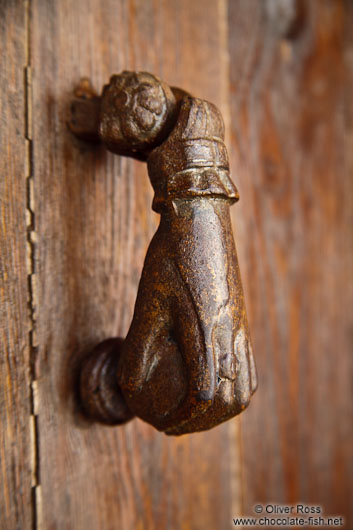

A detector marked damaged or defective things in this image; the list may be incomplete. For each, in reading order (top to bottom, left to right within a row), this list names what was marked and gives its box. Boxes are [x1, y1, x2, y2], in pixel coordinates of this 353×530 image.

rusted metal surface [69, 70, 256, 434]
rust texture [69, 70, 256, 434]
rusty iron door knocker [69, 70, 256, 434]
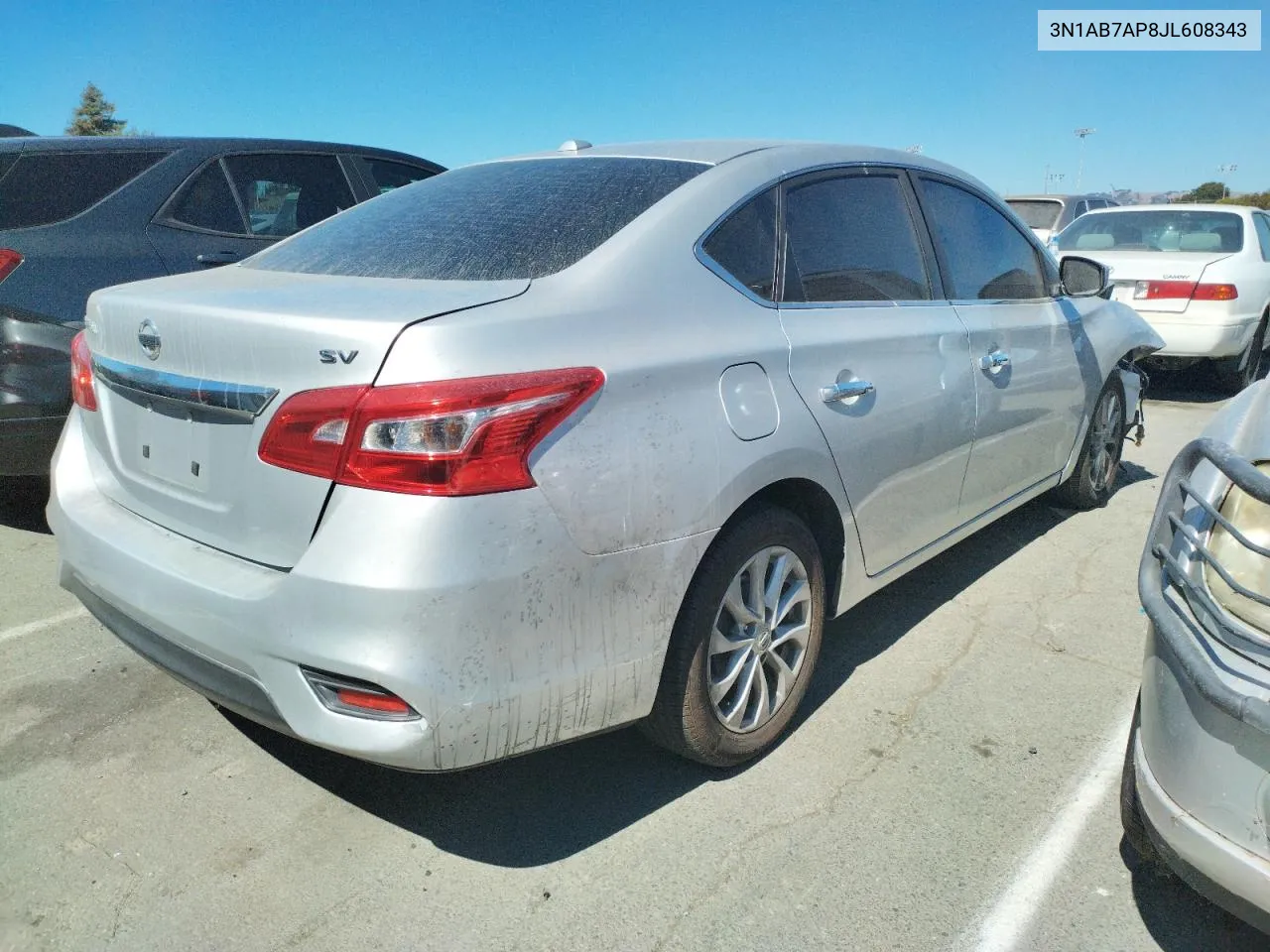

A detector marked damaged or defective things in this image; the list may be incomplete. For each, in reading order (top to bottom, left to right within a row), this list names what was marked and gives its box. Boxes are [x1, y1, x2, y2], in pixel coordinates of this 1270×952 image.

#####

WORK ORDER:
Every entry above has to be repeated exactly, apart from its pictures.

ANSWER TO THIS EXERCISE:
A detector marked damaged or defective things in this image; the list may be incomplete. For each, in reading order (top to bottom, left to right within a row), this list names what was marked and gives its box. Boxes are [x1, y1, x2, y2], in pixel coordinates of this 353×530 image.

rusted metal surface [69, 70, 256, 434]
rust texture [69, 70, 256, 434]
rusty iron door knocker [69, 70, 256, 434]

A detector marked damaged or defective things in this image; the list may be incomplete. For each, in reading order (top to bottom, left to right within a row), this list names what was marked and gives its box. Boxes are [x1, y1, x2, y2], in pixel coordinates of this 1270×952 image.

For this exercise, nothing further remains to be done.